> _What is required_
In the entries that follow, locate the line with "亿润配资APP下载 以军称正", then restate that line and all later lines exactly as they appear, leaving pictures out.
==========
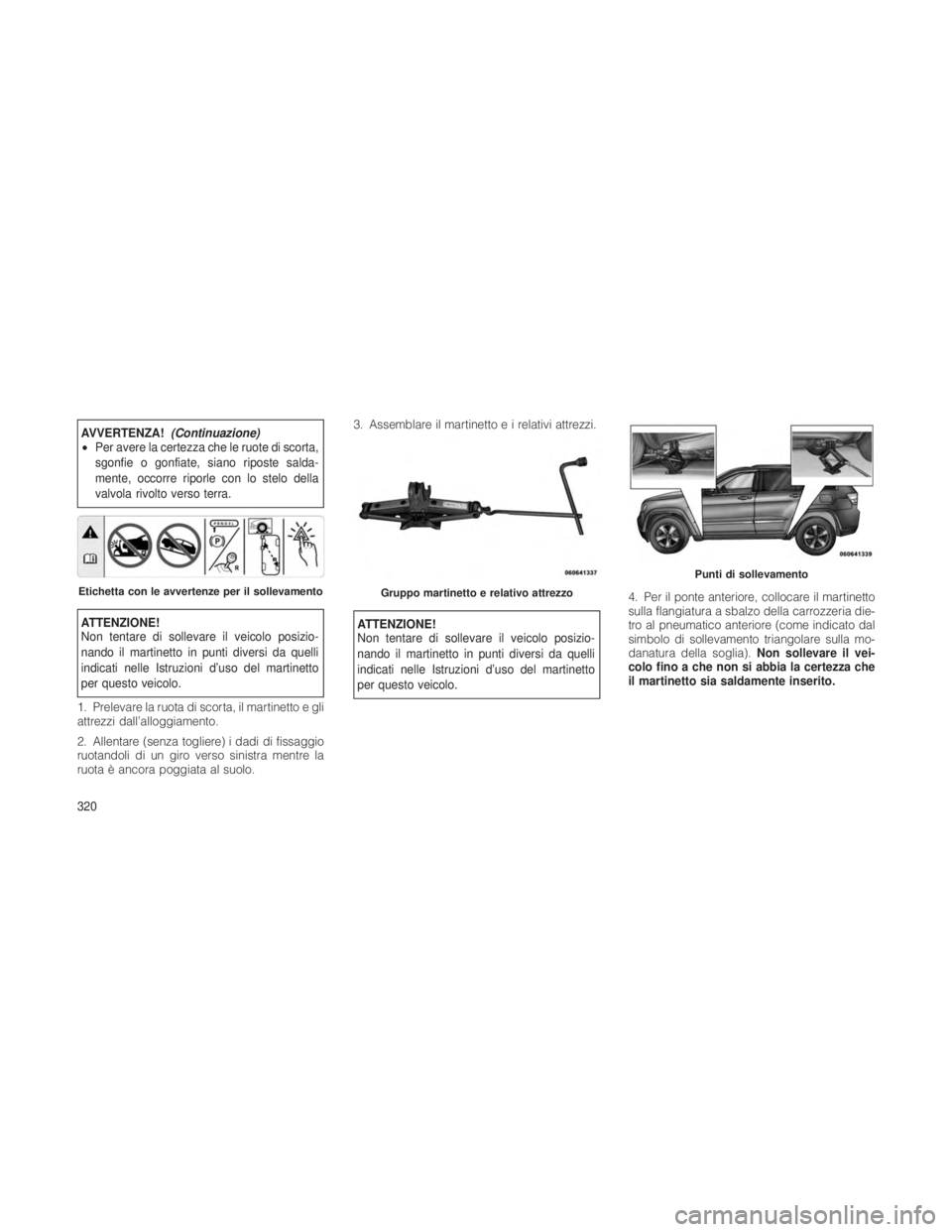 JEEP GRAND CHEROKEE 2012 Libretto Uso Manutenzione (in Italian) AVVERTENZA!(Continuazione)
• Per avere la certezza che le ruote di scorta,
sgonfie o gonfiate, siano riposte salda-
mente, occorre riporle con lo stelo della
valvola rivolto verso terra.
ATTENZIONE! JEEP GRAND CHEROKEE 2012 Libretto Uso Manutenzione (in Italian) AVVERTENZA!(Continuazione)
• Per avere la certezza che le ruote di scorta,
sgonfie o gonfiate, siano riposte salda-
mente, occorre riporle con lo stelo della
valvola rivolto verso terra.
ATTENZIONE!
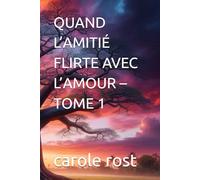 QUAND L’AMITIÉ FLIRTE AVEC L’AMOUR - TOME 1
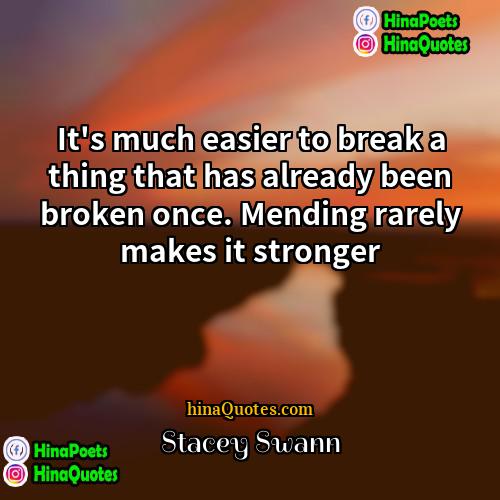 Stacey Swann Quotes | It's much easier to break a thing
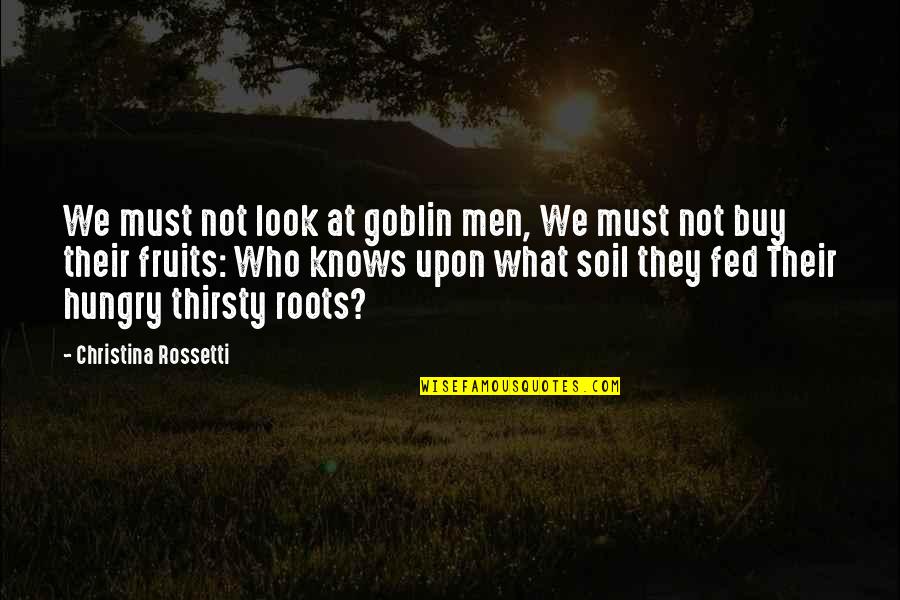Dota 2 Bastion Quotes By Christina Rossetti: We must not look at goblin men, We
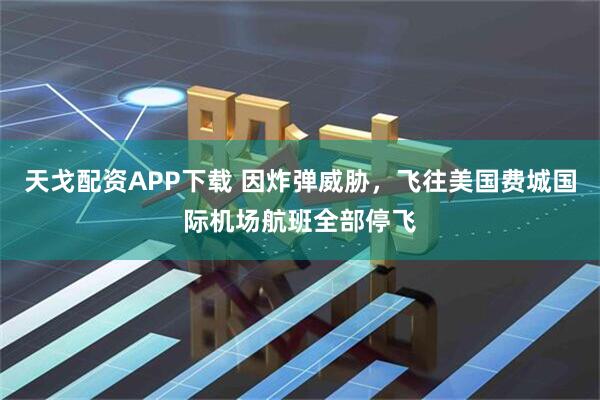 天戈配资APP下载 因炸弹威胁，飞往美国费城国际机场航班全部停飞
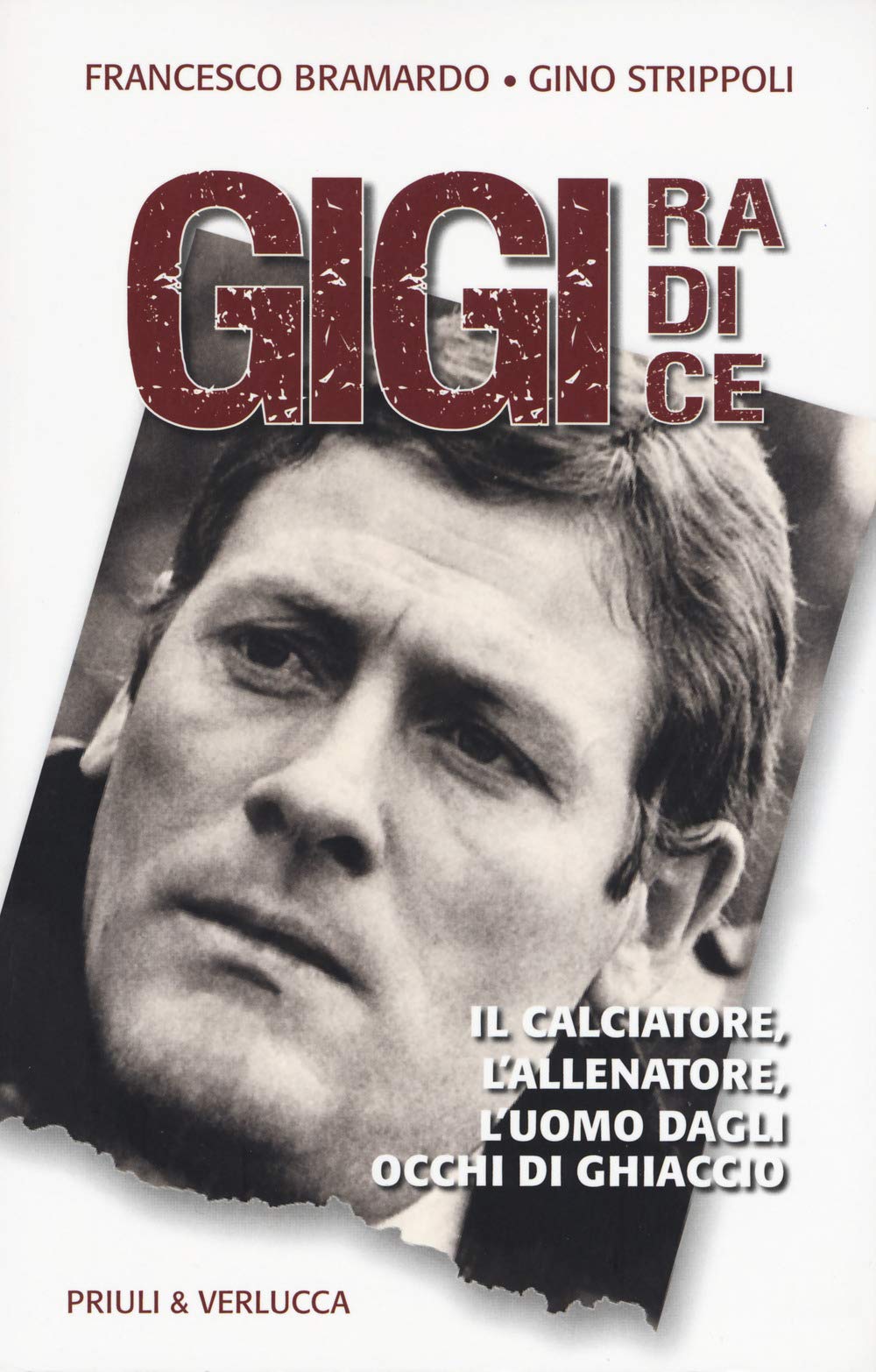 Gigi Radice. Il calciatore, l'allenatore, l'uomo dagli occhi di ghiaccio book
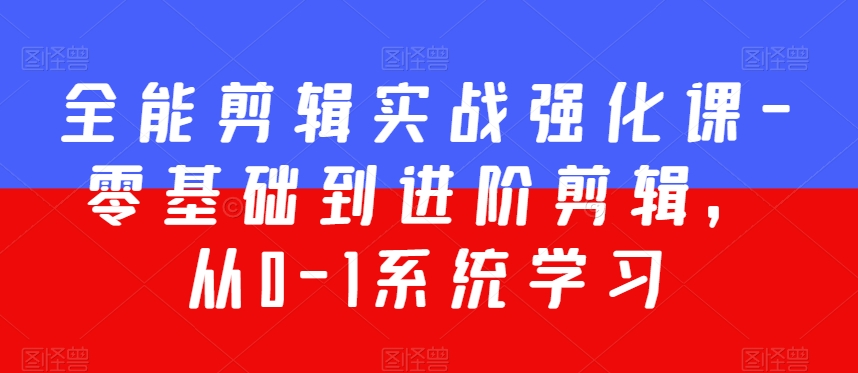 全能剪辑实战强化课-零基础到进阶剪辑，从0-1系统学习，200节课程加强版！-小伟资源网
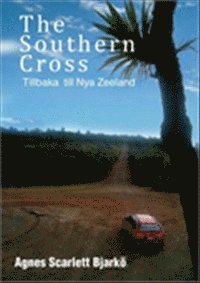 bokomslag The southern cross : tillbaka till nya Zeeland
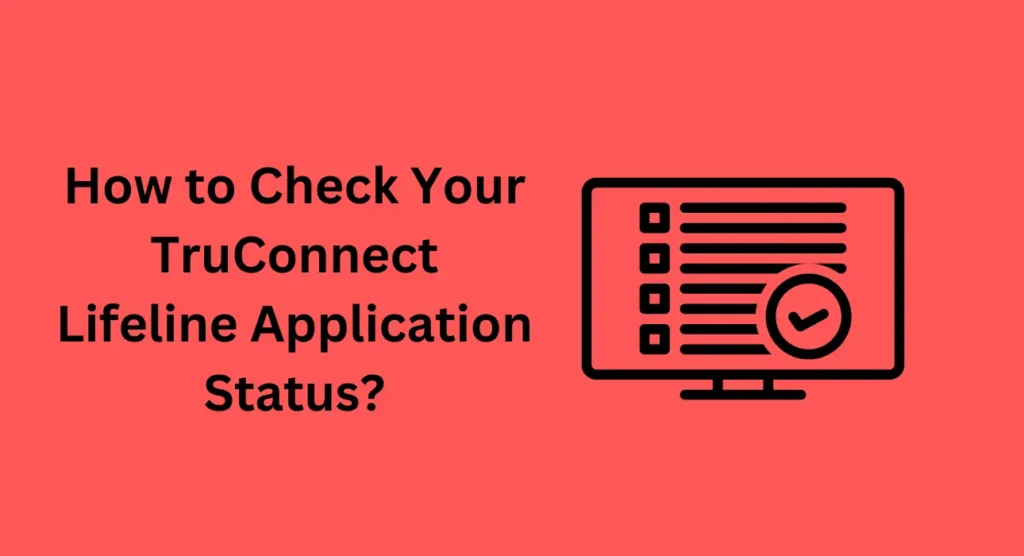 How to Check Your TruConnect Lifeline Application Status?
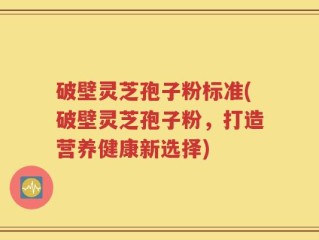 破壁灵芝孢子粉标准(破壁灵芝孢子粉，打造营养健康新选择)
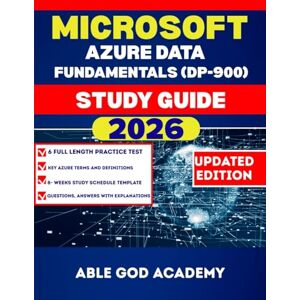 ACADEMY, ABLE GOD MICROSOFT AZURE DATA FUNDAMENTALS (DP-900) STUDY GUIDE: The Complete Study Guide for Fast, Focused, and Successful Certification Prep ACADEMY, ABLE GOD MICROSOFT AZURE DATA FUNDAMENTALS (DP-900) STUDY GUIDE: The Complete Study Guide for Fast, Focused, and Successful Certification Prep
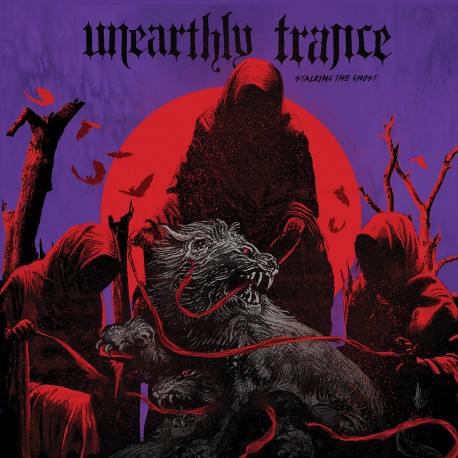 Unearthly Trance ‎– Stalking The Ghost - CD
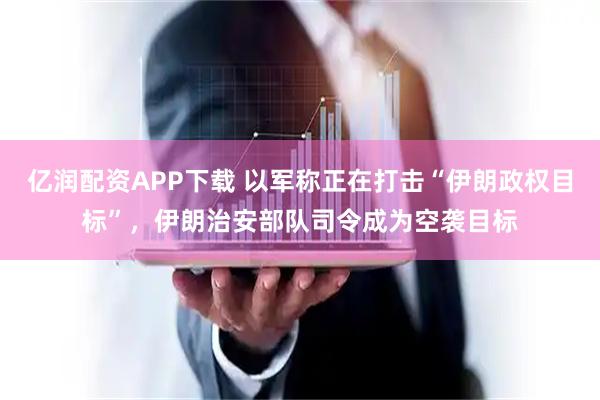 亿润配资APP下载 以军称正在打击“伊朗政权目标”，伊朗治安部队司令成为空袭目标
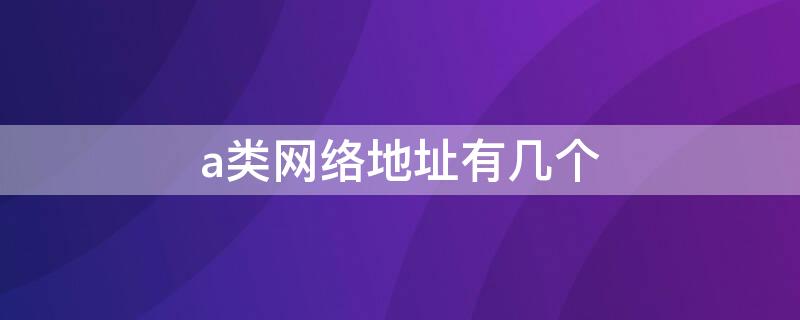 a类网络地址有几个 网络A类地址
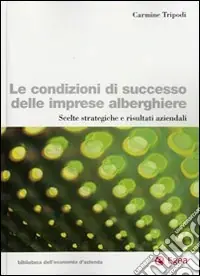 Le condizioni di successo delle imprese alberghiere. Scelte strategiche e risultati aziendali Prezzo Ridotto
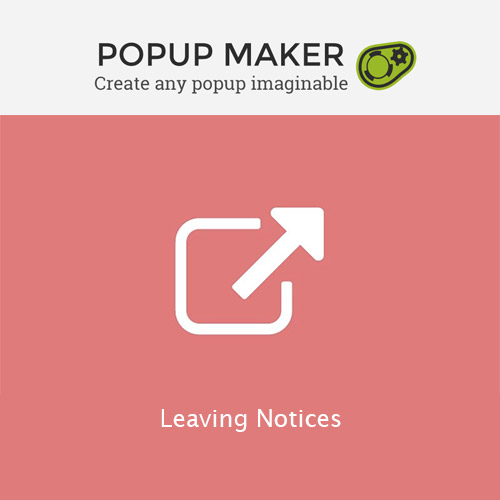 Popup Maker Leaving Notices 1.1.2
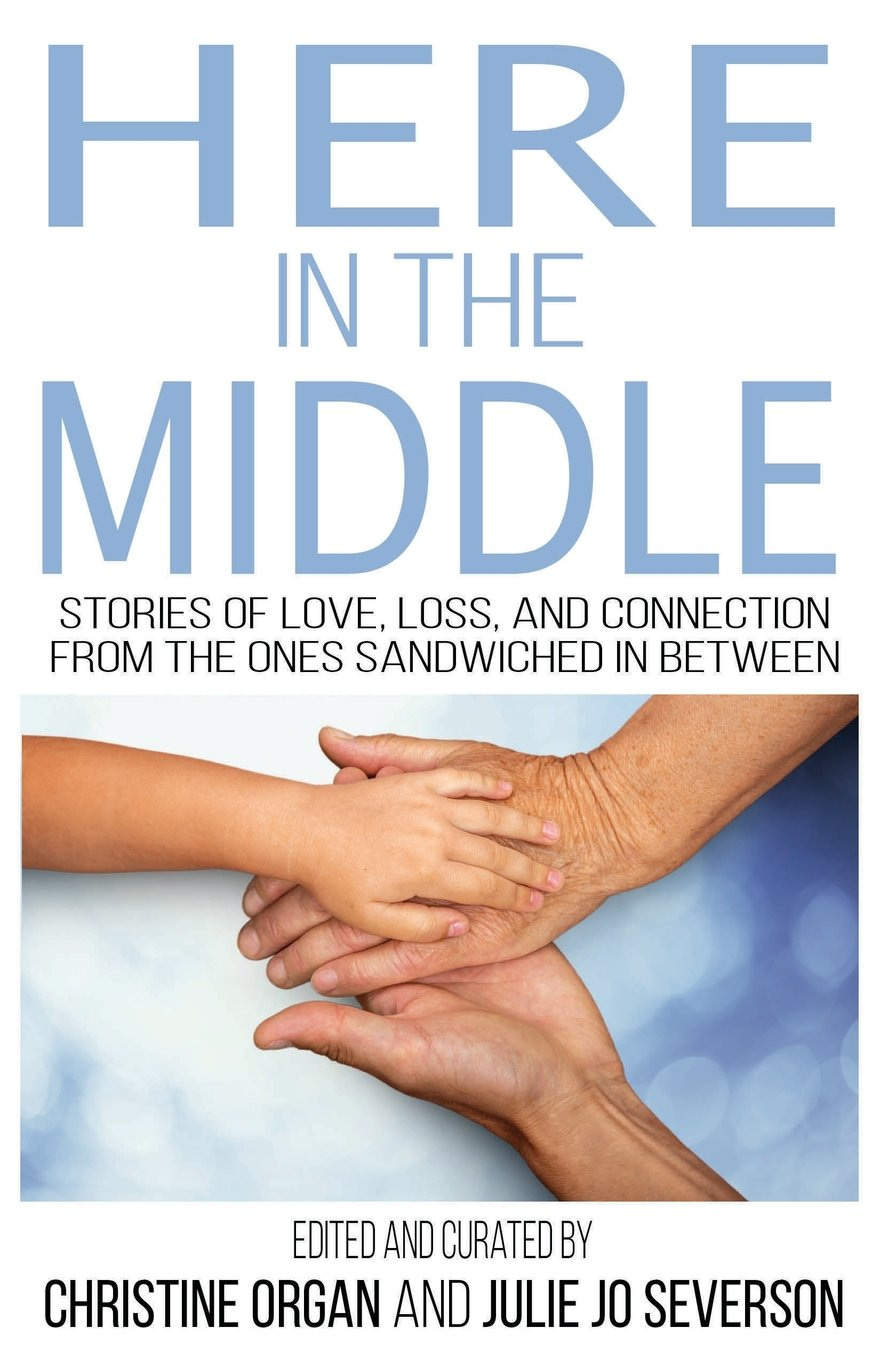 Here in the Middle: Stories of Love, Loss, and Connection from the Ones  Sandwiched in Between: Organ, Christine, Severson, Julie Jo: 9781684197804:  Amazon.com: Books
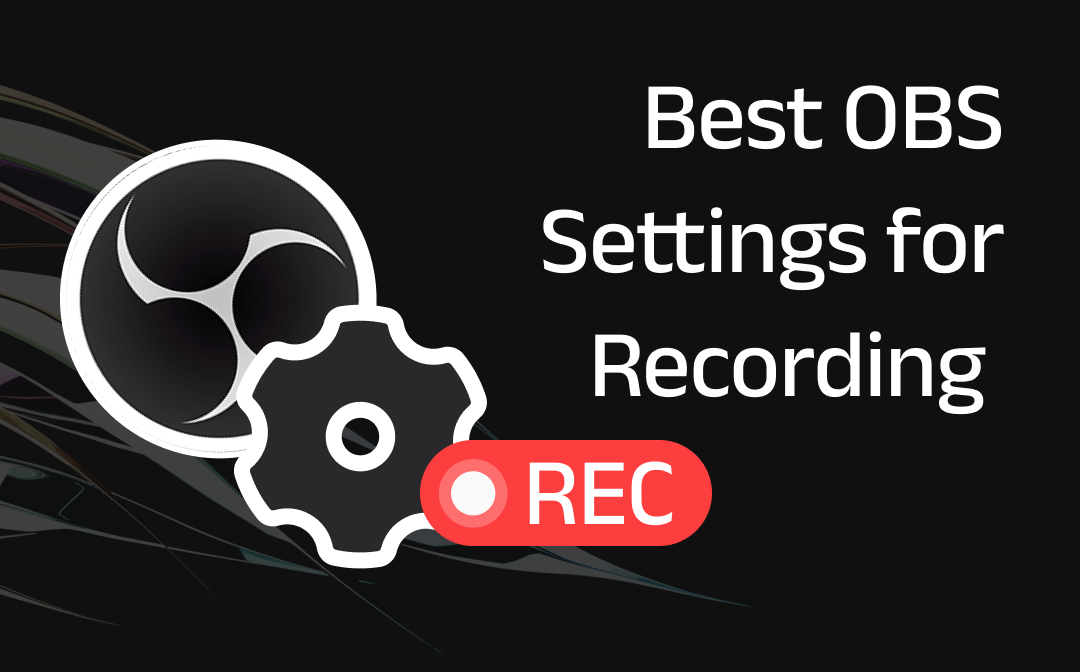 Best OBS Settings for Recording: 6 Tips to Record Like a Pro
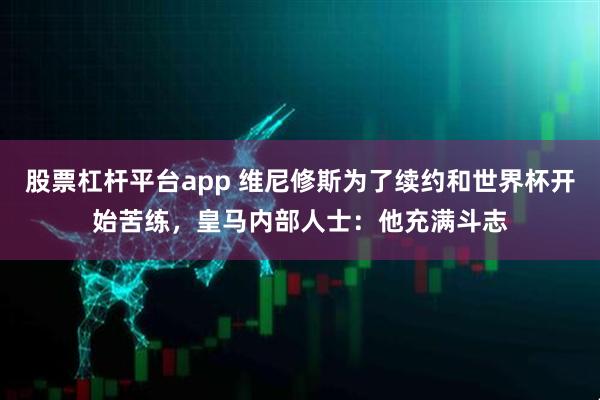 股票杠杆平台app 维尼修斯为了续约和世界杯开始苦练，皇马内部人士：他充满斗志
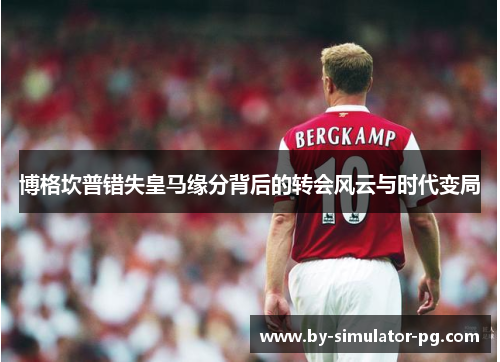 博格坎普错失皇马缘分背后的转会风云与时代变局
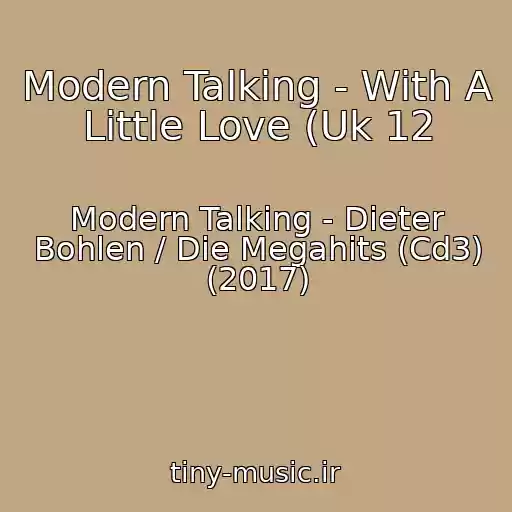 کاور آهنگ Modern Talking - With A Little Love (Uk 12 از Modern Talking - Dieter Bohlen / Die Megahits (Cd3) (2017)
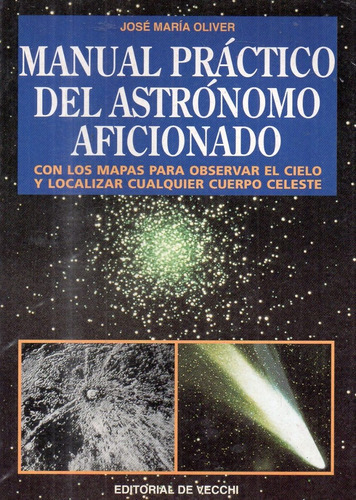 Jose Maria Oliver  Manual Practico Del Astronomo Aficionado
==========
> _Answer for the task_
 亿润配资APP下载 以军称正在打击“伊朗政权目标”，伊朗治安部队司令成为空袭目标
 a类网络地址有几个 网络A类地址
 Le condizioni di successo delle imprese alberghiere. Scelte strategiche e risultati aziendali Prezzo Ridotto
 Popup Maker Leaving Notices 1.1.2
 Here in the Middle: Stories of Love, Loss, and Connection from the Ones  Sandwiched in Between: Organ, Christine, Severson, Julie Jo: 9781684197804:  Amazon.com: Books
 Best OBS Settings for Recording: 6 Tips to Record Like a Pro
 股票杠杆平台app 维尼修斯为了续约和世界杯开始苦练，皇马内部人士：他充满斗志
 博格坎普错失皇马缘分背后的转会风云与时代变局
 کاور آهنگ Modern Talking - With A Little Love (Uk 12 از Modern Talking - Dieter Bohlen / Die Megahits (Cd3) (2017)
 Jose Maria Oliver  Manual Practico Del Astronomo Aficionado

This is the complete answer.